In Jeremiah 22:16 we read,
"He [King Josiah] made sure that justice and help we given to the poor and the needy and everything went well for him. Isn't that what it means to know me, asks the Lord."
Now the background for this text is that the prophet Jeremiah has gone to king Jehoiachim, and he has brought him a devastating word of judgment from the Lord. Jeremiah is announcing to Jehoiachim that his kingdom, his reign, will utterly fail, and it will fall precisely because of his shabby treatment of the poor and the needy. And in this verse he is contrasted unfavorably with his father, King Josiah.

Now Proverbs 14:31, picking up on the theme, says
"Those who oppress the poor insult their maker, but those who help the poor honor him."
Now I think it's easy to think that we're on track with the Lord, and miss his heart almost entirely for the poor. It's easy for men and women who follow Jesus in a culture that that worships at the altar of success, and does so in the church, it's easy to believe that we're on track with the Father because our prayer life is on the right trajectory, because we finally got that finally got that building program off the ground, because we're beginning to grow as a church or if we're not growing we're declining for all the right reasons. And it's easy to think that we are flat out on target with the Lord and miss his heart for the poor and the needy, and never even see it. Never even see that we've missed it.

I really believe in my heart that the Lord would have us to ask, in the Alliance of Renewal Churches:
  • Where is your heart for the poor?
  • Will you have a reputation among men and women in the world, both those who know Jesus and those who do not, as those who have mercy and compassion for the ones who have no one else to care about them? 
  • Will you be known for mercy? 
  • Will you be known for your compassion for the poor?
...Proverbs [14:31], that to oppress the poor, which is accomplished both by what we do to them and what we fail to do for them, brings shame to the name and reputation of the living God. The Hebrew word [for "insult"] in the text means literally to defy or blaspheme.

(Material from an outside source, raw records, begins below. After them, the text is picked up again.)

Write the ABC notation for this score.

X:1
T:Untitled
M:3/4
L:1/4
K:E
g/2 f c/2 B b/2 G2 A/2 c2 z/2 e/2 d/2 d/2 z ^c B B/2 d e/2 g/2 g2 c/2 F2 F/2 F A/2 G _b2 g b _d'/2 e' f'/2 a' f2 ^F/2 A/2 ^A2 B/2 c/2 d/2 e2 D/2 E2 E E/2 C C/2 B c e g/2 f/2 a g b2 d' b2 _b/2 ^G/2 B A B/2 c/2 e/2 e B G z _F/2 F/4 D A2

So, as we consider this let's look at Jeremiah 22 again. I want to read verse 15 as well. The prophet is having a conversation with Jehoiachim and he remarks:
"A beautiful cedar palace does not make a great king. Your father Josiah also had plenty to eat and drink, but he was just and right in all his dealings. That is why God blessed him. He gave justice and help to the poor and needy, and everything went well for him. Isn't that what it means to know me?"
I think that's the key phrase in this passage. Isn't "caring for the poor and needy" what it means to know me?

This is no small thing because knowing God is the end game of this entire enterprise we've embarked on. Jesus says, in the last days, many will come to him and say, "Well, Lord, didn't I do amazing things in your name, didn't I cast out demons, didn't I heal the sick, didn't I start and international ministry didn't I go to the places where nobody had heard the gospel, didn't I lay down my life and give up my dreams for you?!" and Jesus says, I will say to them in that moment "Leave my presence. I never knew you." [Matthew 25]

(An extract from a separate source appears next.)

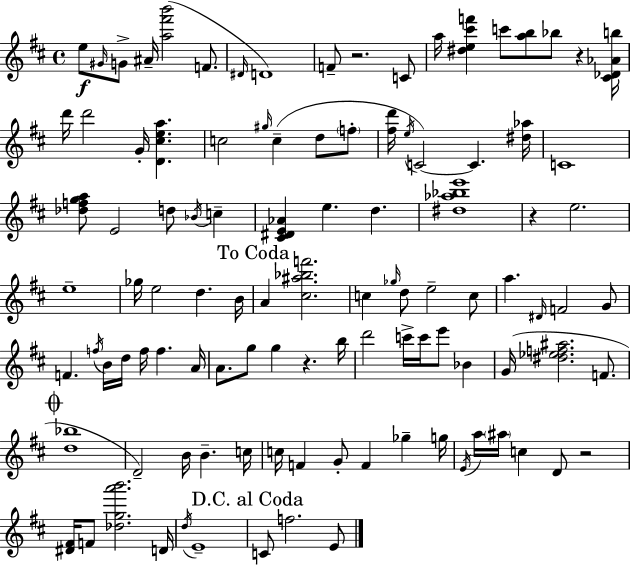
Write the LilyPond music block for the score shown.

Knowing God is everything. And knowing God, as you are well aware, is not a matter of information assimilation. Knowing God is a dynamic in which we experience heart transformation. And scripture contends that those who know God are led, inalterably and irrefutably to compassion for the forgotten and the friendless.
  • If you know God you will love the loveless. 
  • If you know Him, you minister to the poorest of the poor. 
Standing with the down and outers, walking alongside them, this is what God says verifies personal friendship with him.

So James observes in chapter 1:27 and 2:5,
"Real religion, the kind that passes muster before God the Father is this: Reach out to the homeless and loveless in their plight, and guard against corruption from the godless world. Listen, dear friends, isn't it clear by now that God operates quite differently. He chose the world's down and out as the Kingdom's first citizens, with full rights and privileges. This kingdom is promised to anyone who loves God."
What do you think? Does Graeme get it right? Let's talk!